I don't think there is a clear-cut answer to whether inclusive or exlusive cache is better. If there was, you wouldn't see Athlons one way and Pentiums the other. Both types of caches usually use LRU (or pseudo LRU, since LRU for many-way-associative caches is not feasible).
A blocking cache can only service one request at a time. If you ask it for word at location x, you have to wait for it to give you back the data before you can do anything else. A non-blocking cache allows you to continue executing instructions while you're waiting for x. I don't know if calling the cache blocking or non-blocking makes sense - as far as I can tell, the cache is the same, but the CPU core is different. An out-of-order computer might encounter code like:
lw r2, r3 ;read memory[r2] into r3
add r4, r0, r0 ; r4 = 0
add r4, r5, r6 ; r4 = r5+r6
add r4, r7, r8 ; r4 = r5+r6+r7+r8
sub r4, r4, r2 ; r4 = r5+r6+r7+r8-r2
In a blocking design, once we hit the "lw", we can't do anything else until the data comes back. On a modern CPU with 3 cycle L1, you're stuck for 3 cycles. In a non-blocking design, the CPU can keep going until it hits something that depends on that load (the sub instrction), so since there are 3 instructions in between, if you had only one pipeline, you would experience no extra delay - the memory load would appear to be instantaneous.
It's even worse for stores - a load often occurs soon before its data is needed, so with 3-way superscalar machines, you might not have 9 instructions before a dependent one to keep you busy for 3 cycles, but with a store, you're rarely dependent on it.
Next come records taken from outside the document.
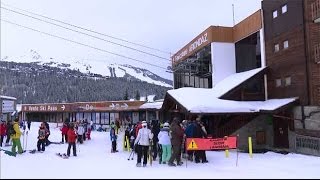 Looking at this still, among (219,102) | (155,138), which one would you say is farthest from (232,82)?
(155,138)

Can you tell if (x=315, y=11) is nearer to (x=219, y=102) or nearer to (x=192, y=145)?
(x=219, y=102)

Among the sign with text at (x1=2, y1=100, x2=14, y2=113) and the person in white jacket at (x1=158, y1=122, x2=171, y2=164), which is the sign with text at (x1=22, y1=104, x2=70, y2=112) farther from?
the person in white jacket at (x1=158, y1=122, x2=171, y2=164)

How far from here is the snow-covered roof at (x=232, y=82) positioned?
24.9m

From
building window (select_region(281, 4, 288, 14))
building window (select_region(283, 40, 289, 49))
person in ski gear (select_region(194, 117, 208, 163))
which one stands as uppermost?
building window (select_region(281, 4, 288, 14))

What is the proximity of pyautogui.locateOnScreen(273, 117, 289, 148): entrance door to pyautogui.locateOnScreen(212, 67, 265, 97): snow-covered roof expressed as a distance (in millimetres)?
3018

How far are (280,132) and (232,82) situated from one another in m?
4.73

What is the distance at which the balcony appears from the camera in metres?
20.4

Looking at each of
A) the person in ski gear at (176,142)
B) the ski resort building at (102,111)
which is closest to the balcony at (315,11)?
the person in ski gear at (176,142)

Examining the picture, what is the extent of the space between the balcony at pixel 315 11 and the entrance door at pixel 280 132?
5751mm

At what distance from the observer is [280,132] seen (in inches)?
922

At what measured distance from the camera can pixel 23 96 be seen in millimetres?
155750

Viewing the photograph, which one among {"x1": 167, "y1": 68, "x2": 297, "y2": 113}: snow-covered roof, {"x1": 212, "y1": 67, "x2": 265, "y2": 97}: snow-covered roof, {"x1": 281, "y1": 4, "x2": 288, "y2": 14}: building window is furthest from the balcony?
{"x1": 212, "y1": 67, "x2": 265, "y2": 97}: snow-covered roof

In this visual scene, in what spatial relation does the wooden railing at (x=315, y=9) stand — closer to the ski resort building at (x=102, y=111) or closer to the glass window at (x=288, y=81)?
the glass window at (x=288, y=81)

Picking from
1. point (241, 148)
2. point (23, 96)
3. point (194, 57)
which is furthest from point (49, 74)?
point (241, 148) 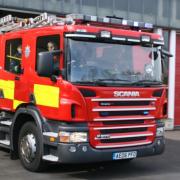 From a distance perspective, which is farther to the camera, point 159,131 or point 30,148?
point 159,131

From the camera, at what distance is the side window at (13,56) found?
369 inches

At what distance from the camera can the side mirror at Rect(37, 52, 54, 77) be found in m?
8.01

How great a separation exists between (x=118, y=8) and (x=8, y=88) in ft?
28.0

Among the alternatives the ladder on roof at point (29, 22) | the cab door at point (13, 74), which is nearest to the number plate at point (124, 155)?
the cab door at point (13, 74)

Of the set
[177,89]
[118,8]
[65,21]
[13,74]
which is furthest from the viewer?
[177,89]

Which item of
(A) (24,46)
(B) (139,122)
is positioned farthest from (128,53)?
(A) (24,46)

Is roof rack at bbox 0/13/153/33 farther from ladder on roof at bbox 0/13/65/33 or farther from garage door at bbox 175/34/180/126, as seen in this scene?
garage door at bbox 175/34/180/126

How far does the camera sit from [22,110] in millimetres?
9094

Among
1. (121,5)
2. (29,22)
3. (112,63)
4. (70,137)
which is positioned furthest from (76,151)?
(121,5)

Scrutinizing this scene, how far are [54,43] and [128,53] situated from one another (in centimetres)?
136

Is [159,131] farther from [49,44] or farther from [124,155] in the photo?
[49,44]

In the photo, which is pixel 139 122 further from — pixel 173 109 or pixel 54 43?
pixel 173 109

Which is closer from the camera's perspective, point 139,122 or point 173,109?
point 139,122

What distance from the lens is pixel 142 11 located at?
17969mm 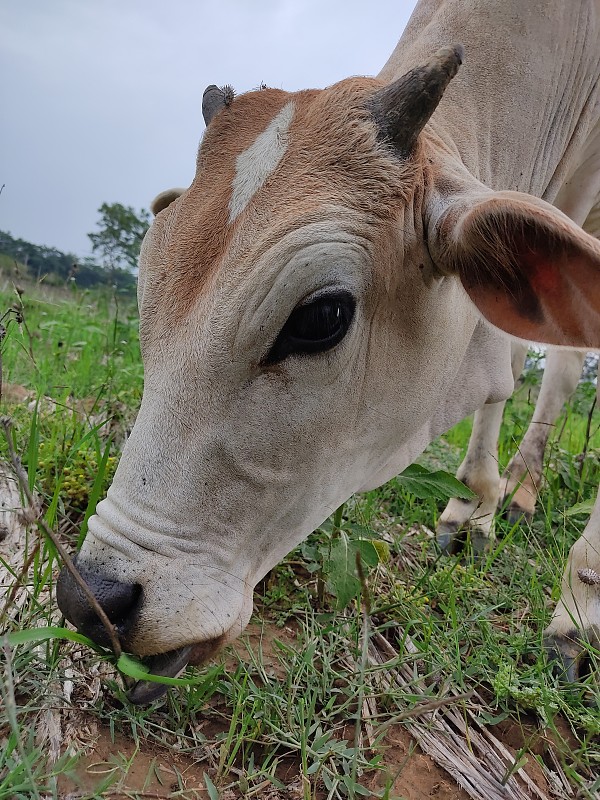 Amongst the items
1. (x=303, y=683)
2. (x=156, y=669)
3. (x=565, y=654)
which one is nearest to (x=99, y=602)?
(x=156, y=669)

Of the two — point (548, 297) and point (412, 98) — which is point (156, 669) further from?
point (412, 98)

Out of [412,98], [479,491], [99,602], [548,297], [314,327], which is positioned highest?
[412,98]

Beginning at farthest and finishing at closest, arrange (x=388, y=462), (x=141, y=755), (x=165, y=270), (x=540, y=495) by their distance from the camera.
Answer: (x=540, y=495)
(x=388, y=462)
(x=165, y=270)
(x=141, y=755)

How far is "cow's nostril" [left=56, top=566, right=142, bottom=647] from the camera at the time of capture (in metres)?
1.45

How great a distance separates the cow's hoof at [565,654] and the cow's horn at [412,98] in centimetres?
163

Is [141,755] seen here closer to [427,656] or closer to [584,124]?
[427,656]

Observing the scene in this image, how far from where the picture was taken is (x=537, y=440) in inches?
→ 157

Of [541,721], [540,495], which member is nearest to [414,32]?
[540,495]

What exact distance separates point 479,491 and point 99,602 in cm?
248

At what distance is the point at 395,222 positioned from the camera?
180cm

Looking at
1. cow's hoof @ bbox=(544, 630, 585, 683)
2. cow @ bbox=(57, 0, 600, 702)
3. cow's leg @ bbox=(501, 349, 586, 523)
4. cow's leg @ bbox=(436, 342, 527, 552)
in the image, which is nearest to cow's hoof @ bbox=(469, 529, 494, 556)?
cow's leg @ bbox=(436, 342, 527, 552)

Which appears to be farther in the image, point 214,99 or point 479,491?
point 479,491

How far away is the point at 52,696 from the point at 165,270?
1070mm

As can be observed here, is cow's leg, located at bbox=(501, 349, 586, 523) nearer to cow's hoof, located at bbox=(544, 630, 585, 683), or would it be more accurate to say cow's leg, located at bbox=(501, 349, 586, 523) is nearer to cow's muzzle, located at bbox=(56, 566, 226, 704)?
cow's hoof, located at bbox=(544, 630, 585, 683) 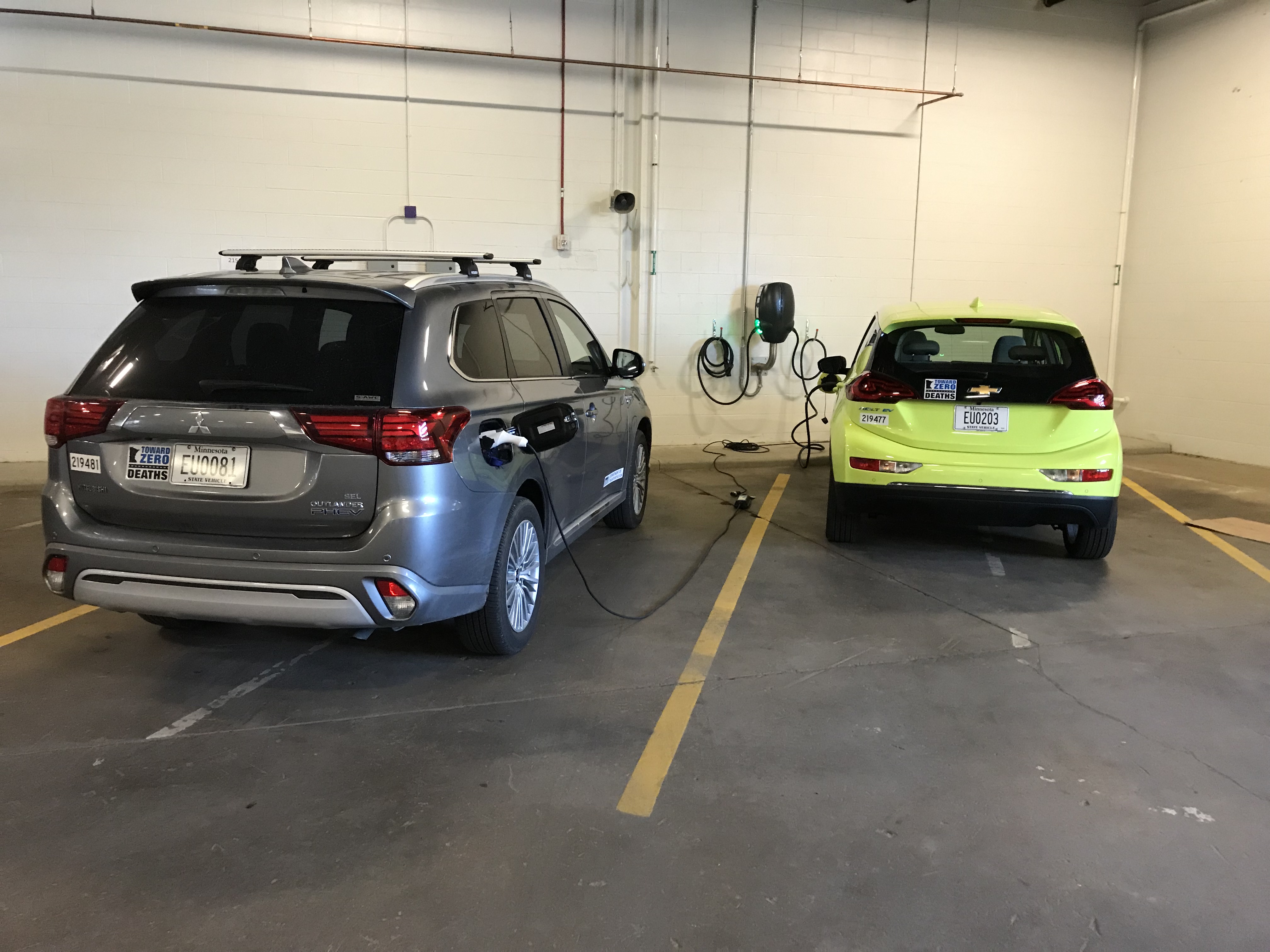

A blocking cache stops you at every store, while a non-blocking cache would effectively make stores free.
Do you understand direct-mapped caches? Let's say you have an 8-entry direct-mapped cache. When you're given a memory location to read from, you just take the address modulo 8 (look at the last 3 bits of the address), and you have to use that cache location. There is no real "replacement policy" - any address can go in one spot, and if data is already there, you have to evict it. The advantage of a direct-mapped cache is that it's simple. The disadvantage is that if you have many accesses to addresses that map to the same location, you'll be "thrashing" - repeatedly evicting and loading the same data (consider a program that accesses memory location 3 and location 11 over and over again - both locations fight for cache location 3. To determine a cache hit, you just compare the tag to the address requested and are done.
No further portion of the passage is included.